## I thought that’s what we were doing

So far we have been fitting lines to points.

• We haven’t really been doing statistics because we haven’t really introduced any probabilities.
• We don’t really have a model.
• And we’ll need a model if we are going to perform inference:
• to get a sense of estimation uncertainty,
• to test for the usefulness of explanatory variables ($$x$$),
• and to put “error bars” on our predictions from the line(s).

## Prediction and the modeling goal

A prediction rule is any function where you input an $$x$$ and it outputs $$\hat{y} \equiv \hat{y}(x)$$ as a predicted response at $$x$$.

The least squares line generates a prediction rule: $\hat{y} = b_0 + b_1 x.$

• The rule tells us what to do when a new $$x$$ comes along;
• run it through the formula and obtain a guess $$\hat{y}(x)$$.

$$\hat{y}$$ is just what we expect for a given $$x$$;

• it is not going to be a perfect prediction.
• If we actually sample a $$y$$-value at $$x$$ we will not get exactly $$\hat{y}$$.

## Forecast accuracy

We need to devise a notion of forecast accuracy.

• How sure are we about our forecast?
• Or how different could $$Y(x)$$ be from what we expect?

Forecasts are useless without some kind of uncertainty qualification/quantification.

One method is to specify a range of $$Y(x)$$ values that are likely at a given $$x$$ value,

• a so-called prediction interval, quickly summarizing the distribution of $$Y(x)$$.

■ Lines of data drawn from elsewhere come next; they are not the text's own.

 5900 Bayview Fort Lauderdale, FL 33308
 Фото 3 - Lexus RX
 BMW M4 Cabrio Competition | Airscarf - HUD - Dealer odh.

## Full accounting of uncertainty

To construct a “proper” prediction interval we will have to:

1. obtain estimates of the coefficients, $$b_0$$ and $$b_1$$, generating the “fitted” line
2. assess the likely range of residual values corresponding to a $$Y(x)$$ that has not yet been observed, centered at the fitted line $$Y(x) = b_0 + b_1 x$$.
3. acknowledge that the “fitted line” may be fooled by particular realizations of the residuals
• i.e., that our estimated coefficients $$b_0$$ and $$b_1$$ are random.

We know how to do Step 1 already.

• Steps 2 and 3 require investing in a probability model.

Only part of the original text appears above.